Figure 1. ANGPTL4 derived from MSCs is essential for inhibiting the inflammatory activation of macrophages.

(A) Both ANGPTL4 mRNA and protein were notably increased in human mesenchymal stem cells (hMSCs) when cocultured with either unstimulated human primary macrophages (hMFs) or LPS-stimulated hMFs. n = 4. (B) siRNA control–transfected (siCon-transfected) hMSCs reduced the mRNA levels of inflammatory markers Cxcl9, Cxcl10, Cxcl11, Ccr7, Il6, and Ccl2 in LPS-stimulated hMFs after coculture for 24 hours, while siRNA ANGPTL4–transfected (siANGPTL4-transfected) hMSCs did not. n = 4. (C) Inflammatory markers in LPS-stimulated hMFs were significantly reduced by treatment with recombinant ANGPTL4 protein. n = 4. (D) Differentiated THP-1 macrophages showed significant reductions in proinflammatory CXCL10 mRNA (n = 4) and protein induction (n = 8) by LPS stimulation by coculture with hMSCs. (E) LPS-induced degradation of IκBα protein in THP-1 macrophages was blunted by coculture with hMSCs.
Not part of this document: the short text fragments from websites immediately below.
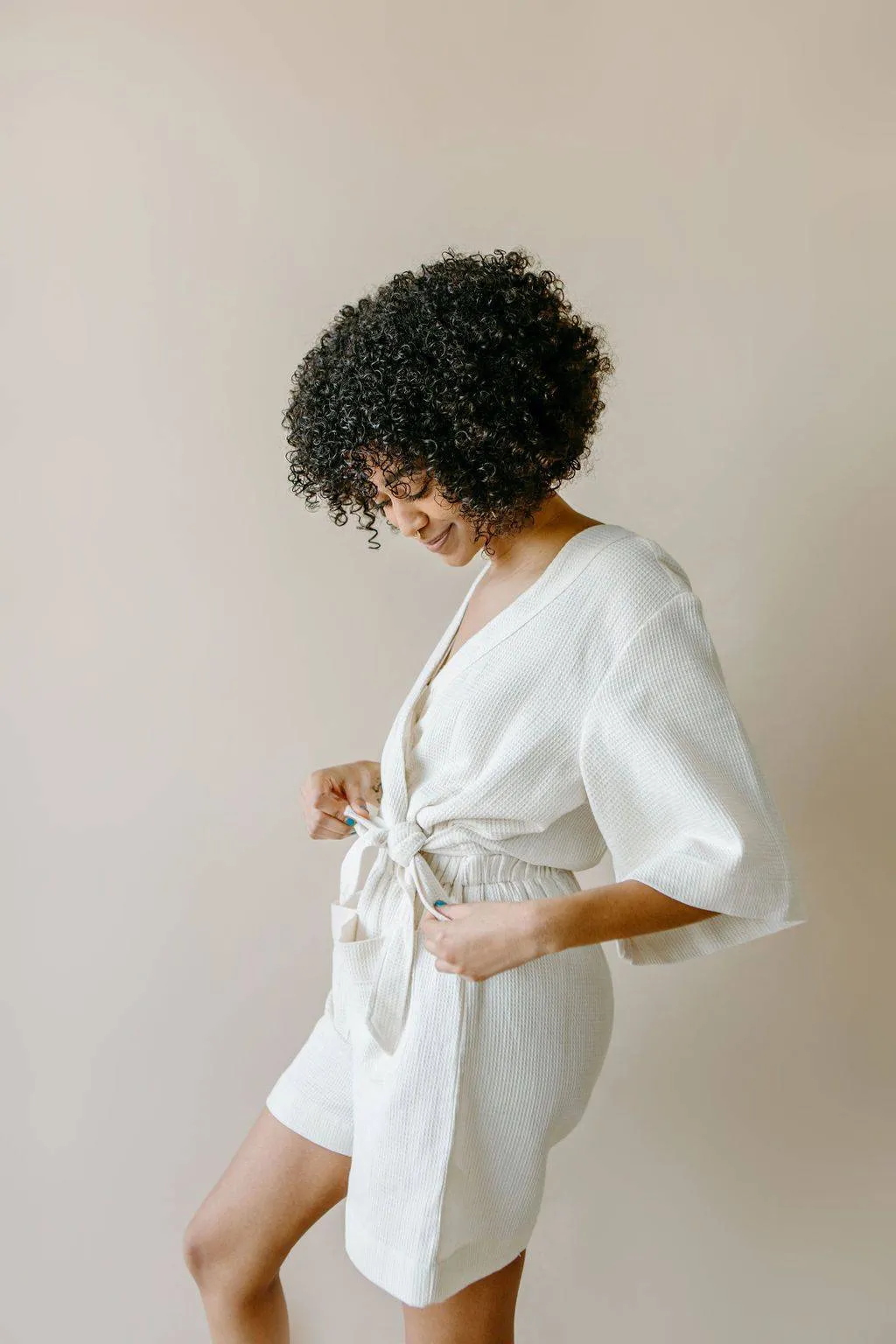 Waffle Romper (Sand)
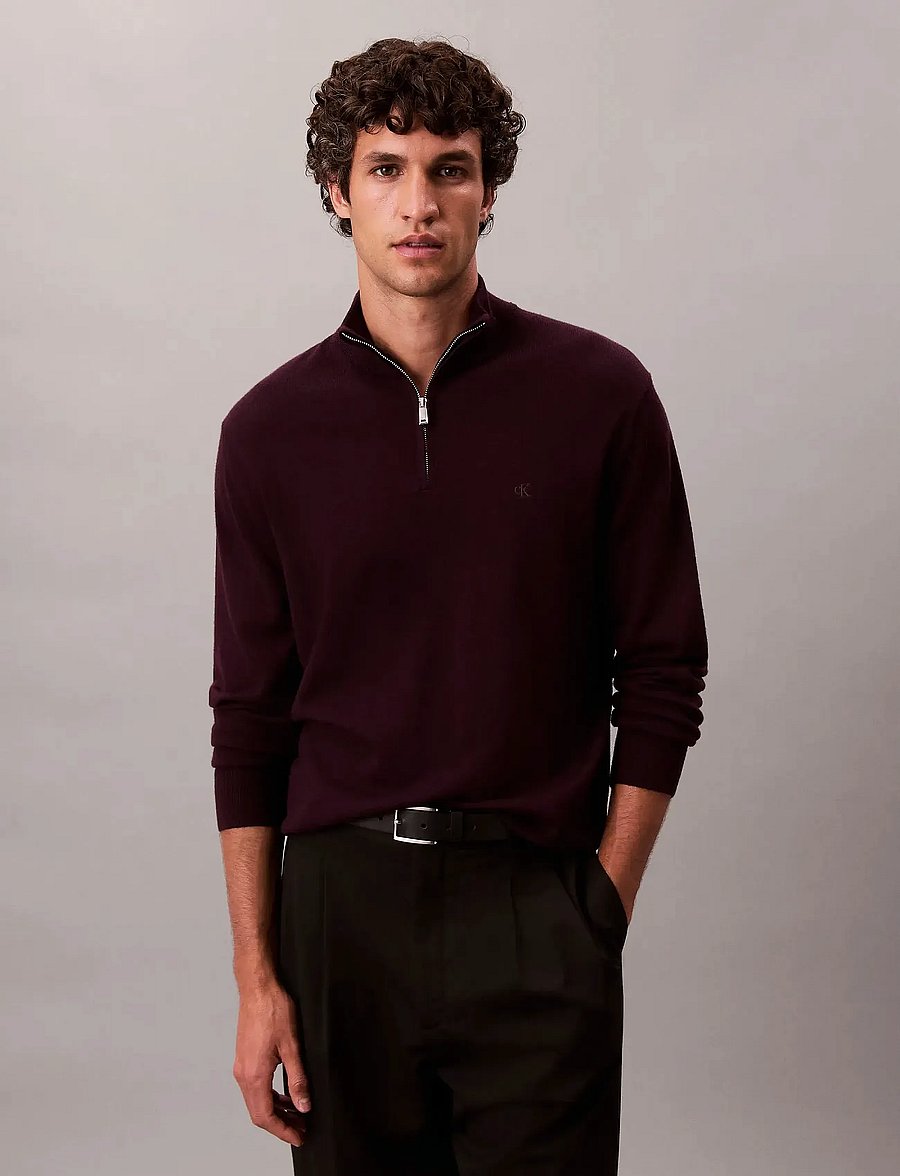Calvin Klein - LS 100% MERINO QZ 14GG - halfzip strik - moroccan brown - 0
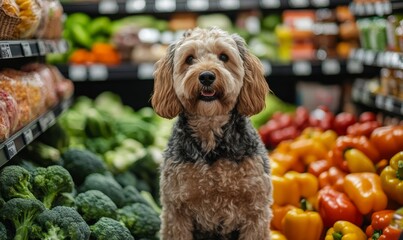 Dog in a grocery store, surrounded by colorful vegetables and healthy food. The pet-friendly store allows dogs to shop for their own nutritious food, promoting a healthy lifestyle, Generative AI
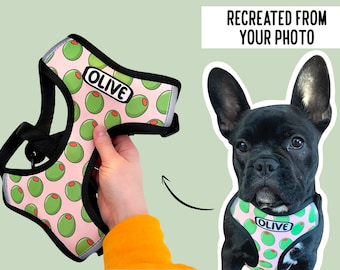 Personalized Dog Harness: Custom Photo Pattern, Step-In Neoprene Design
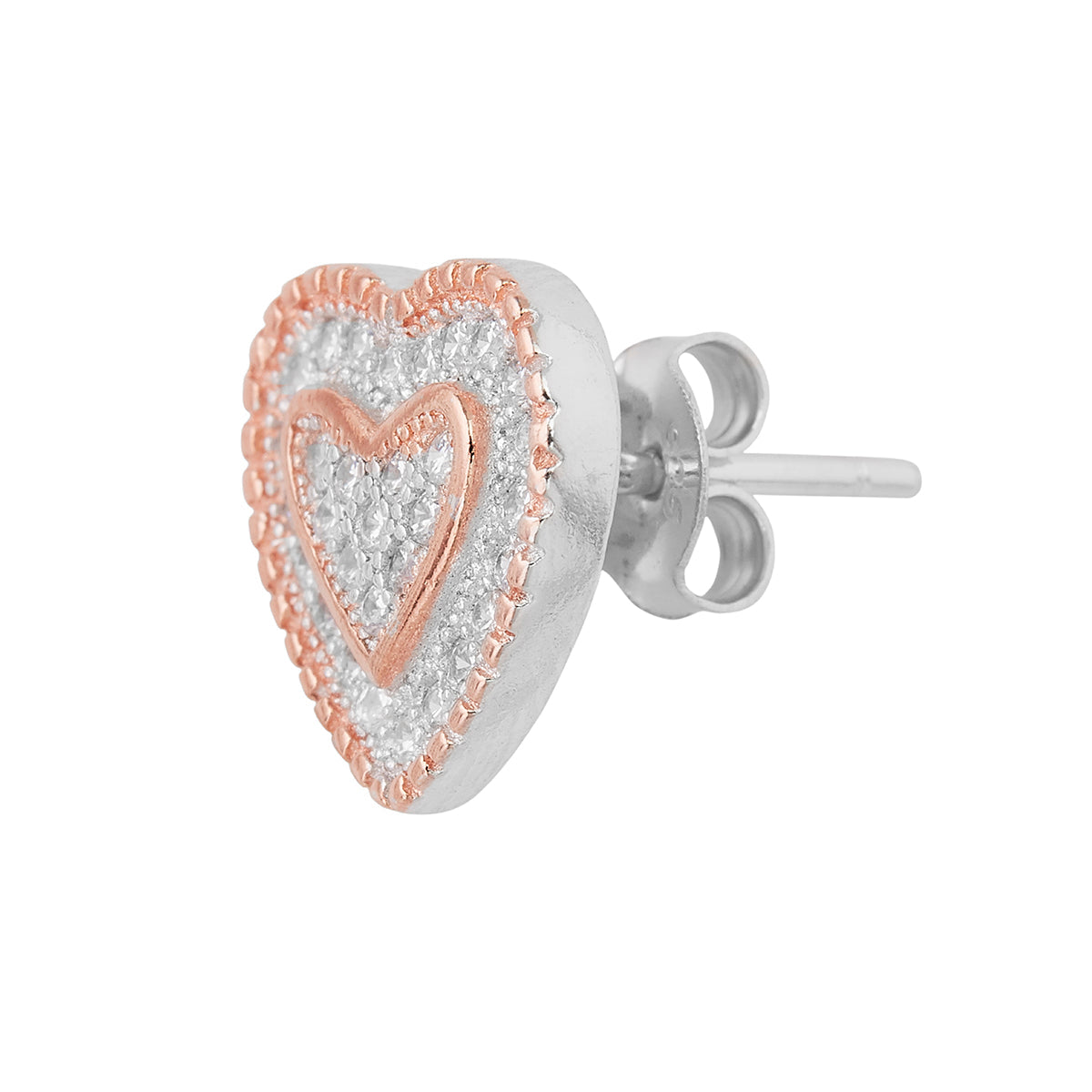 Heart Beat Silver Diamond Pendant Set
Western blots are representative of n > 3 repeats. Intensity quantification is representative of mean ± SEM. (F–H) ANGPTL4 mRNA (n = 4), cellular protein (n = 4), and released protein (n = 4) were assayed in hMSCs with or without coculture with LPS-stimulated THP-1 macrophages. (I) ANGPTL4 protein–treated THP-1 macrophages showed significant reductions in inflammatory genes in a dose-dependent manner. n = 4. Data are represented as mean ± SEM. ^#P < 0.05; ^##P < 0.01; ^###P < 0.001 (by Student’s t test or 1-way ANOVA with Bonferroni’s multiple-comparisons test).